Question : How much water does the average person actually need to drink? And is there such a thing as Also a lot?
A: If you don’t sip from a 64 ounce Stanley cup all day, are you still alive? Hydration is having a moment again: TikTok videos with the hashtag #watertok now have over a billion views.
Whether you drink from a trendy tumbler or a regular old glass, there’s no universal answer to how much water you should drink per day. The closest thing to a water intake recommendation in the United States comes from the National Academy of Medicine, which in 2004 reported that healthy men generally stay adequately hydrated when they drink at least three liters (nearly 13 cups) of water per day. and that women are generally hydrated when they drink at least 2.2 liters (a little more than nine cups) per day, not including the water they consume through food.
But these guidelines should not be taken as gospel, experts say.
“Most people, even if they stay below this recommendation, will do very well,” said Dr. Siddharth P. Shah, a nephrologist at the Hospital of the University of Pennsylvania who specializes in hydration and electrolyte balance.
Question : When should I drink water and how much?
A: Water is of course crucial to our survival. It helps us eliminate waste, maintain blood pressure, regulate body temperature and much more.
Some people need more water than others. Particularly active people — who have physically demanding jobs or exercise a lot — lose more water through sweat and will need to compensate by drinking more water, said emergency medicine specialist Dr. George Chiampas. at Northwestern Medicine and chief medical officer. for the American Football Federation.
People may also need to drink more if they live in hot climates, have a larger body or a lot of muscle mass, have loose stools, are pregnant or breastfeeding, or have had kidney stones or recurrent infections of the urinary tract, according to experts.
Over the course of life, a person’s water needs also change. Typically, as people age, they lose muscle and gain fat, Shah said. Because fat contains less water than muscle, people generally need to consume less water as they age to maintain healthy tissues.
Yet some older people still don’t consume as much water as they need, Shah said, because older people’s bodies — especially research suggests those over 60 — are not as efficient to detect thirst. The level of dehydration “that would make you thirsty at 40 might not make you as thirsty at 80,” he said.
If you’re thirsty, you’re probably dehydrated and should drink water, said Dr. Alysia Robichau, a family and sports medicine physician at Houston Methodist.

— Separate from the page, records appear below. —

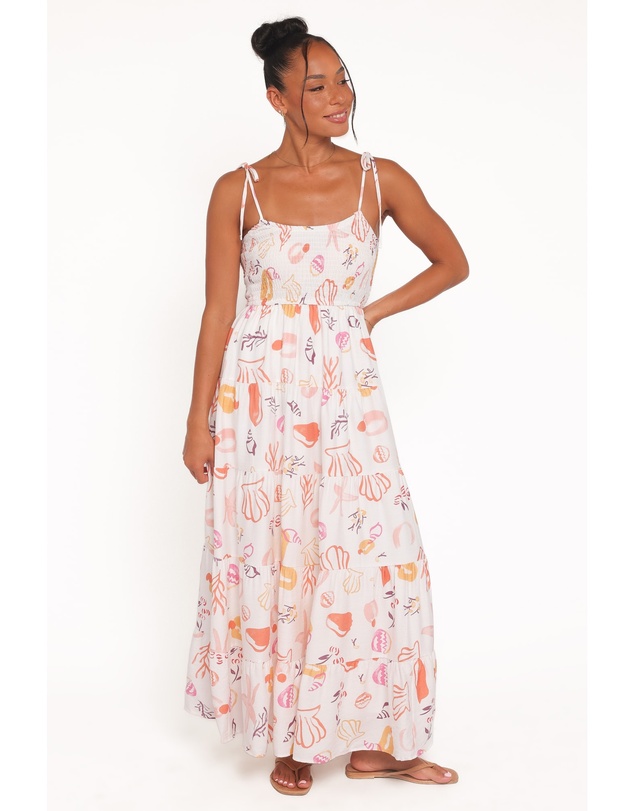 Petal & Pup - Bairbre Maxi Dress - Pink Beach Print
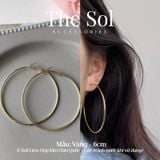  Bông Tai Hàn Quốc Circle Hoops 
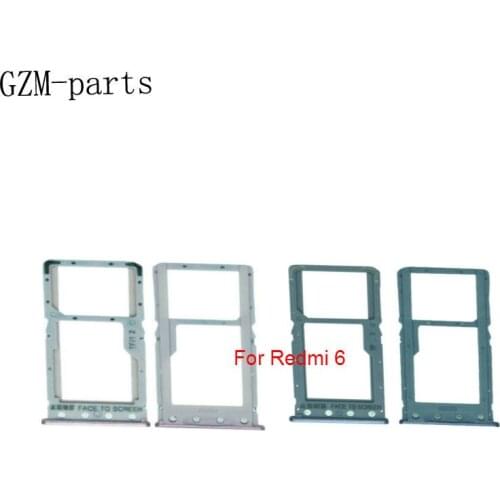 20pcs/lot sim card slot tray for xiaomi Redmi 6 6A SIM Tray Sim Card Holder Slot for redmi 6 /6A sim card slot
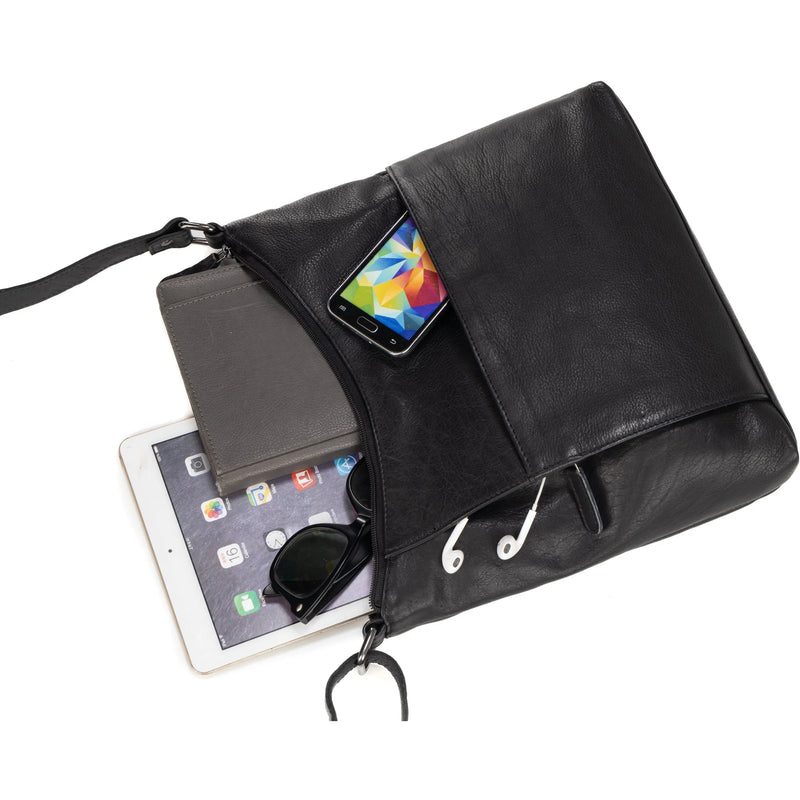Greenwood Layla Leather Shoulder Bag - Black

There may also be more subtle signs of dehydration, like constantly feeling cold or dry skin, Robichau said. People with acute or chronic dehydration may also experience headaches or dry eyes, she added.
Because people deprive themselves of water while they sleep, “most people wake up and are already dehydrated,” Chiampas said. It’s usually a good idea, he says, to start the day with a drink.
It’s perfectly fine to add flavorings to your water or drink sparkling water, Robichau said — but she cautioned that coffee and other caffeinated drinks might not be as hydrating as drinks caffeine free. Drinking a caffeinated beverage, especially if you don’t drink it regularly, can reduce the kidneys’ ability to absorb water, leading to additional water loss through urine. Alcoholic beverages are also dehydrating.
Keep in mind that you can also get water through food. Some fruits and vegetables, like watermelon and celery, are mostly water, Shah said. The National Academy of Medicine estimates that people get an average of 20 percent of their water through food.
It’s unlikely that most people drink too much water, but it is possible, especially among endurance athletes who drink a lot of water quickly, Chiampas said. This can disrupt the balance of sodium and potassium in the body and lead to potentially fatal water poisoning.
The Centers for Disease Control and Prevention advises drinking no more than 48 ounces of water per hour. Also keep in mind that there are probably no health benefits to consuming tons of water.
“People carry a lot of excessively large water bottles these days,” Shah said. “But the overwhelming majority of people don’t need to drink too much water.”
Wenner Moyer is a freelance writer. This article appeared in the New York Times.